Elizabeth and Albert had first met as children but they didn’t see each other again until 1921 when Albert fell in love with her. Albert proposed but she refused his offer as she was worried being part of the royal family would be too restrictive.
A few months later, Elizabeth was a bridesmaid at the wedding of Albert’s sister, Mary, and Albert proposed once more but again he was gently rebuffed. However, Albert continued to court Elizabeth and when he proposed again in January 1923, she finally said yes much to his great relief.
Elizabeth and Albert were married on 26 April 1923 at Westminster Abbey where the bride was presented with a Welsh gold band crafted from Welsh gold from the Clogau St. David’s mine. It is now traditional for royal brides to be given a wedding band made from this Welsh gold which is becoming increasingly rare.
Another tradition was started when Elizabeth spontaneously laid her bouquet at the Tomb of the Unknown Warrior on the way to the altar, in memory of her brother, Fergus, who was killed in the First World War. Nowadays, it has become a tradition for royal brides to have their bouquet placed on the tomb after the wedding.
Elizabeth specifically wanted something soft and flowing for her wedding gown so her couturier Elizabeth Handley-Seymour designed a simple medieval style made from ivory chiffon moiré. The dress had a square neckline and a bodice with horizontal bands embroidered with silver thread and pearls. The dress also had a dropped waist which was contemporary at that time.

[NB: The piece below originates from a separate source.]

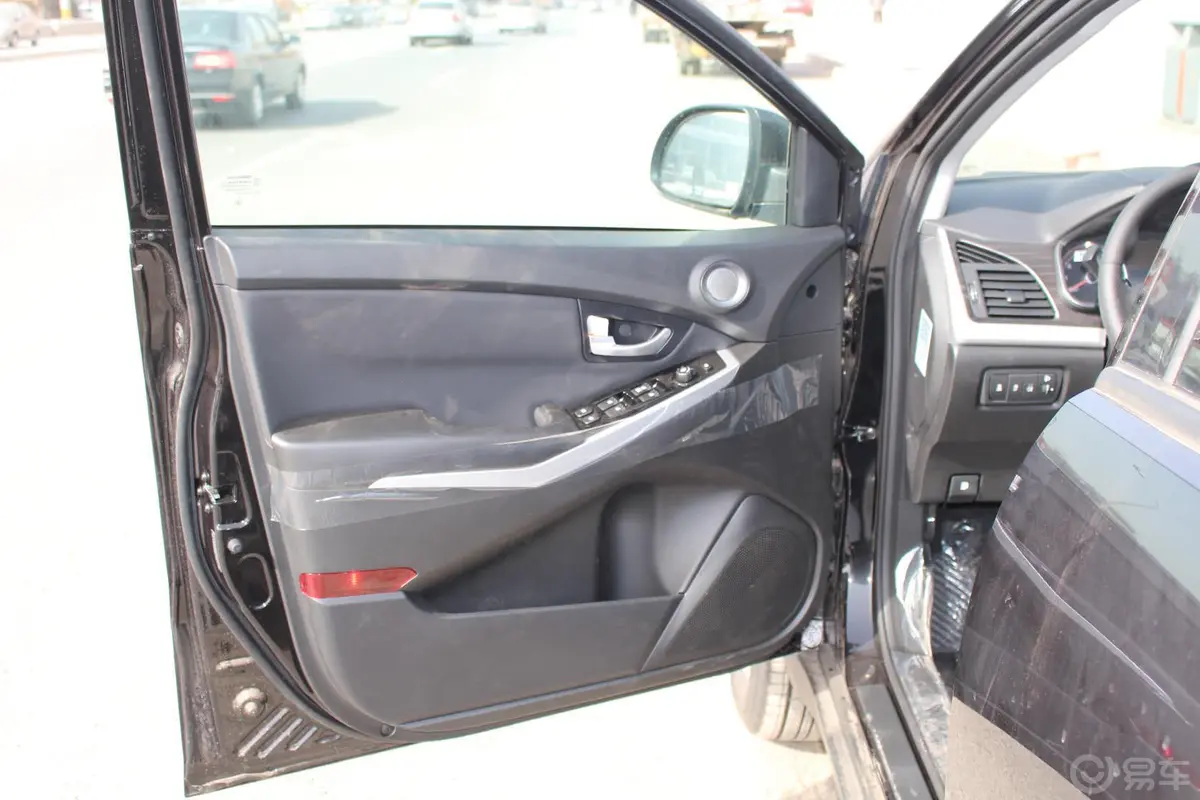 柯兰多四驱 自动 致享版驾驶员侧车门内门板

The dress also featured a strip of old rose point lace from Brussels, a Strathmore family heirloom, which was worn by a female ancestor at a grand ball for Charles Edward Stuart. The antique ivory lace veil, a gift from Queen Mary, was secured with a simple wreath of myrtle leaves with a York rose on either side.
The eight bridesmaids wore cream chiffon dresses with a silver and rose thistle fastened to a girdle of silver leaves with a trail of spring green tulle. The rose symbolised the House of York while the thistle represented Elizabeth’s Scottish ancestry.
After a wedding breakfast at Buckingham Palace, the couple spent their honeymoon at Polesden Lacey, a manor house in Surrey, and then went to Scotland, where Elizabeth caught whooping cough.